At Pawpaw-treat-yourself-taste I found this quote,"Native Americans collected and cultivated the fruits, and 400 years ago a traveling companion of De Soto compared them to buttery, sweet pears. (He had never tasted a banana.)" Again, searching for "buttery," "sweet," or "pears" failed to turn up a match. The De Soto, never tasted a banana aside seemed questionable too. The Elvas account mentions the expedition's time in Cuba where the resupplied after the voyage from a Spain and before the La Florida entrada.

OF THE INHABITANTS THERE ARE IN THE CITY OF SANTIAGO AND OTHER TOWNS OF THE ISLAND, -- THE CHARACTER OF THE SOIL AND OF THE FRUIT.

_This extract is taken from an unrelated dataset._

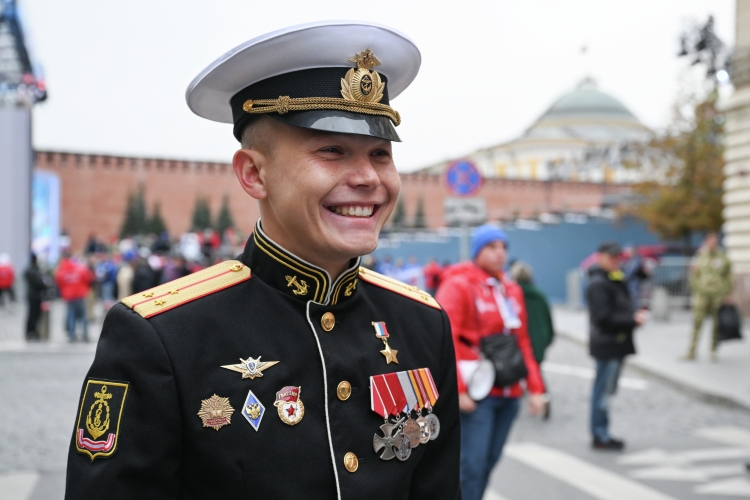 Иван Жарский — самый молодой Герой России из ныне живущих татарстанцев, несколько дней бивший врага во время контрнаступления ВСУ на Запорожском фронте. О нём уже давно пора снять кино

"There is a tree, which is a stalk without any branch, the height of a lance, each leaf the length of a javelin, the fruit of the size and form of a cucumber, the bunch having twenty or thirty of them, with which the tree goes on bending down more and more as they grow: they are called plantanos in that country, are of good flavour, and will ripen after they are gathered, although they are better when they mature on the tree"

Though in fairness I should note that that the yellow sweet banana that we all know is a 19th Century mutation of the plantain.

Continuing my Google search I came across pawpaw :

"Pawpaw was first described by a Portuguese adventurer traveling with Hernando de Soto as the army of 600 men explored the southeastern states from 1539 to 1542.

For the next 200 years, little is heard of pawpaw until it was described by Mark Catesby in a history book. He included a full-sized painting of pawpaw."


Yes, at last clue, the "Portuguese adventurer" has to be Elvas who as he did in Cuba, particularly noted foodstuffs. Reading carefully the chapter:

WHICH SETS FORTH SOME OF THE DIVERSITIES AND PECULIARITIES OF FLORIDA; AND THE FRUIT, BIRDS, AND BEASTS OF THE COUNTRY.


"There is everywhere in the country a fruit, the produce of a plant like ligoacam, that is propagated by the Indians, having the appearance of the royal pear, with an agreeable smell and taste."

Which must be the source of the pawpaw reference. (I'd searched for "pears' rather than "pear" which had a number of letter string false positives) Still, what's a "ligoacam"? Searching for that term simply results in self referencing the Elvas account. Mystery solved at least partially.